The Alternative Fermi Paradox

The Fermi Paradox has been greatly discussed lately in scientific circles. With the discovery of five planets by the Kepler satellite/telescope (these were a calibration test) and James Cameron’s new film ‘Avatar’, interest in space is starting to come back into the public consciousness (for how long?).

Briefly, the Fermi Paradox is that if intelligence has arisen in the Galaxy previously hundreds of millions of years ago, where are they?

Surely if there are civilizations millions of years old, wouldn’t they have spread through the Galaxy and colonized the Earth/Solar System?

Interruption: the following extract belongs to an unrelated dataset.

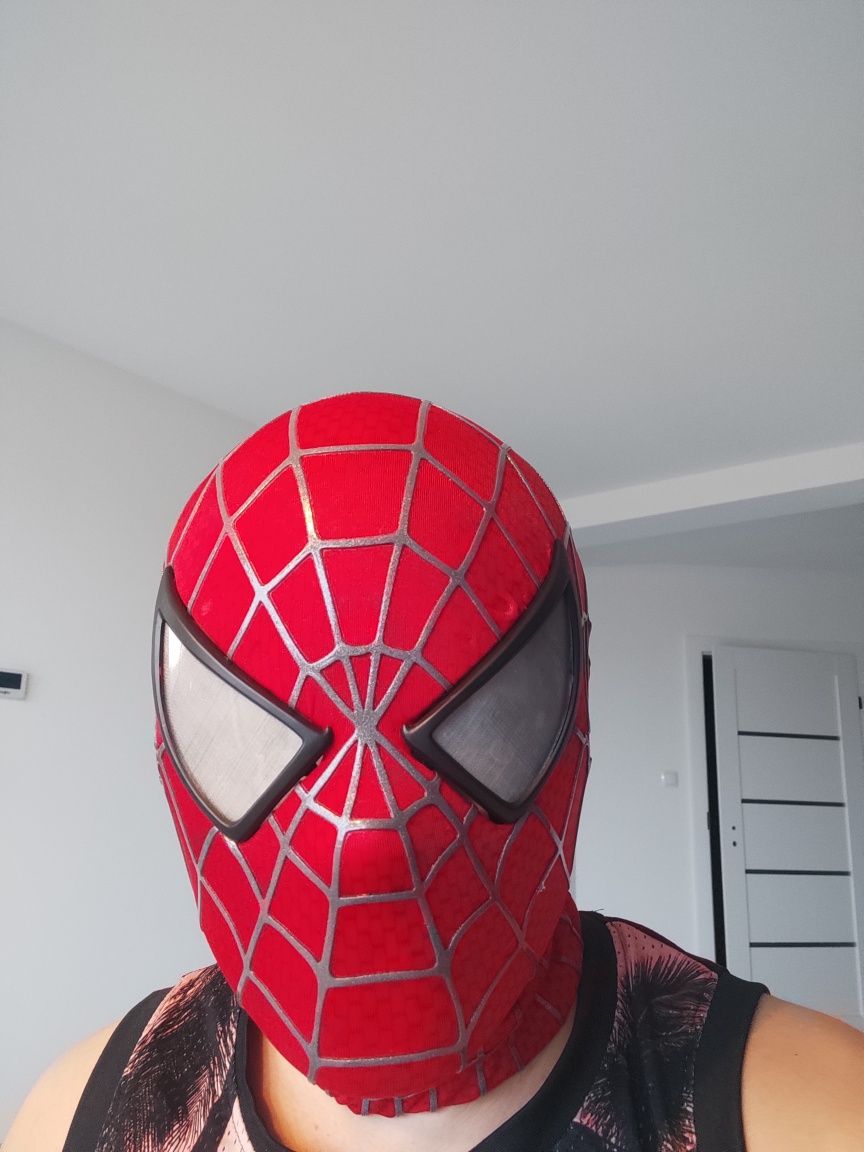 Maska spiderman 1:1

Let me state first that the Fermi Parodox was just a lunch-time thought experiment lark proposed by physicist Enrico Fermi back in 1952, he wasn’t really ready to bring it into serious discussion. He really didn’t care either way. Number two fallacy about the Fermi Paradox is that it is heavily anthropocentric culturally. How do we suppose that any alien culture/civilization would follow our pattern? Could we recognise an alien civilization if we stumbled across one? What would be the hallmarks, on and on, etc?

So, we shouldn’t imprint what aliens would do, even though we only have one sample size to compare against. Us.

One thing we’re finding out about the Galaxy, planets are fairly common. Just about every star we’ve studied there are planets orbiting them. Albeit most of them are super-Jupiters, but that’s because they’re big enough to be discovered using our primitive methods. As our methods improve, chances are excellent we’ll find an Earth-like planet or exo-moon orbiting a gas giant.

That doesn’t mean we’ll find intelligence right after that, oh no. But chances are in our favor of eventually running across a race of beings who happen to think just like us. At least one. Living or long dead.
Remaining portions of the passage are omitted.